### ABOUT THIS TASK:
Once you find the line with "Attēlu rezultāti vaicājumam" in the entries below, return exactly every line from it through the line with "大田芦笋苗（6个月左右）蔬菜秧苗菜苗芦笋根蔬菜苗".

### INPUT:
···
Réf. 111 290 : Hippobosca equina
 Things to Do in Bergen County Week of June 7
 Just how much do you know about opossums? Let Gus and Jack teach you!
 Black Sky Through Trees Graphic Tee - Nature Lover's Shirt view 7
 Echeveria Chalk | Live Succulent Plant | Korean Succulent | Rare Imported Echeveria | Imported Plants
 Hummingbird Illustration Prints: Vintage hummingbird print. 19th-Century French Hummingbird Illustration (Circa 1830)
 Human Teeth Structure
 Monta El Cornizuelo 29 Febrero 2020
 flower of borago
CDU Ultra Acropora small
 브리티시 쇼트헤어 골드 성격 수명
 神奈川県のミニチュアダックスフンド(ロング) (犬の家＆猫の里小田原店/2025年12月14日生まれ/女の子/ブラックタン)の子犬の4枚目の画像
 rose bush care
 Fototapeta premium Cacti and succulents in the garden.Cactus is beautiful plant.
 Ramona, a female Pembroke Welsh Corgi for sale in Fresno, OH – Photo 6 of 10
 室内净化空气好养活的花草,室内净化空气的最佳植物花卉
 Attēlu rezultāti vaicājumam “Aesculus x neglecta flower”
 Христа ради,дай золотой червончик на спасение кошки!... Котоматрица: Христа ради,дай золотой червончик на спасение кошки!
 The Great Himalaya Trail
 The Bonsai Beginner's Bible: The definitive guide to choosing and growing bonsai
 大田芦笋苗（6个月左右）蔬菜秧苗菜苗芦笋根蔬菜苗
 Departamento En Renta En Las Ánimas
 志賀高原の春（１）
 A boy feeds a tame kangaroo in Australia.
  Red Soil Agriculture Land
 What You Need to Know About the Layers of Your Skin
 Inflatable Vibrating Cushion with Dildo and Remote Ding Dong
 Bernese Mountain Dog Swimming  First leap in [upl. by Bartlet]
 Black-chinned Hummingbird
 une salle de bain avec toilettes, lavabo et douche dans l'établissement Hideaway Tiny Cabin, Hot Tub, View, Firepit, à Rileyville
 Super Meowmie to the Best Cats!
···
### RESULT OF THE TASK:
 Attēlu rezultāti vaicājumam “Aesculus x neglecta flower”
 Христа ради,дай золотой червончик на спасение кошки!... Котоматрица: Христа ради,дай золотой червончик на спасение кошки!
 The Great Himalaya Trail
 The Bonsai Beginner's Bible: The definitive guide to choosing and growing bonsai
 大田芦笋苗（6个月左右）蔬菜秧苗菜苗芦笋根蔬菜苗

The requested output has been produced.